--- START ---

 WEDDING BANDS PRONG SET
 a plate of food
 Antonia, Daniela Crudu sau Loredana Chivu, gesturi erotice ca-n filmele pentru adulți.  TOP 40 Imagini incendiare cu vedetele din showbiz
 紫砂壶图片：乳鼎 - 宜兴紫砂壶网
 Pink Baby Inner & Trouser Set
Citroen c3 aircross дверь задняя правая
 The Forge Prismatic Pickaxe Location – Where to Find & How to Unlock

--- END ---
--- START ---

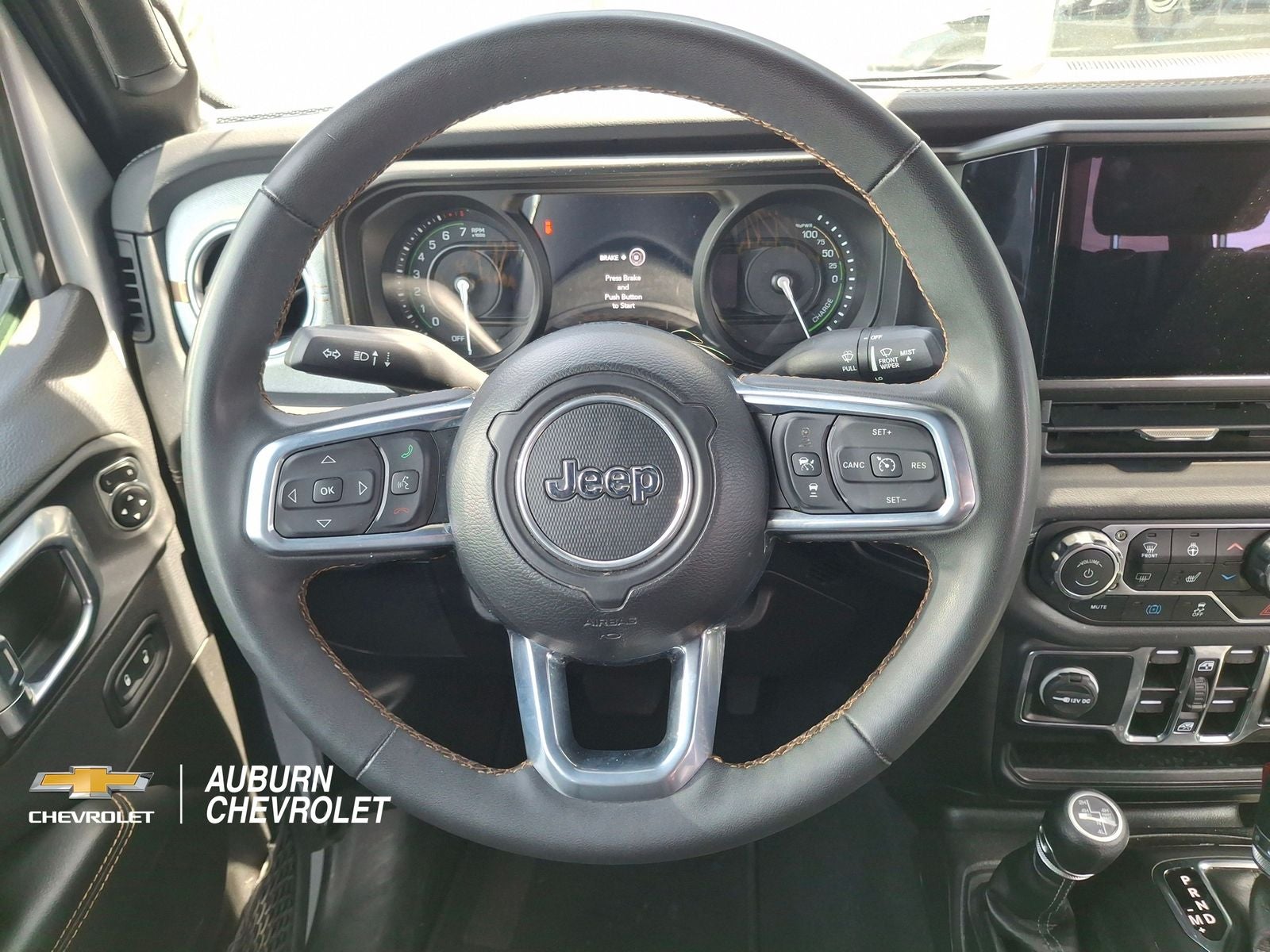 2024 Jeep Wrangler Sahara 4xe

--- END ---

▶ [ACTIVITY]
Above are the records; print exactly the lines from the line with "a plate of food" to the line with "The Forge Prismatic", including both, and nothing else.

▶ [RESPONSE FOR THIS EXERCISE]
 a plate of food
 Antonia, Daniela Crudu sau Loredana Chivu, gesturi erotice ca-n filmele pentru adulți.  TOP 40 Imagini incendiare cu vedetele din showbiz
 紫砂壶图片：乳鼎 - 宜兴紫砂壶网
 Pink Baby Inner & Trouser Set
Citroen c3 aircross дверь задняя правая
 The Forge Prismatic Pickaxe Location – Where to Find & How to Unlock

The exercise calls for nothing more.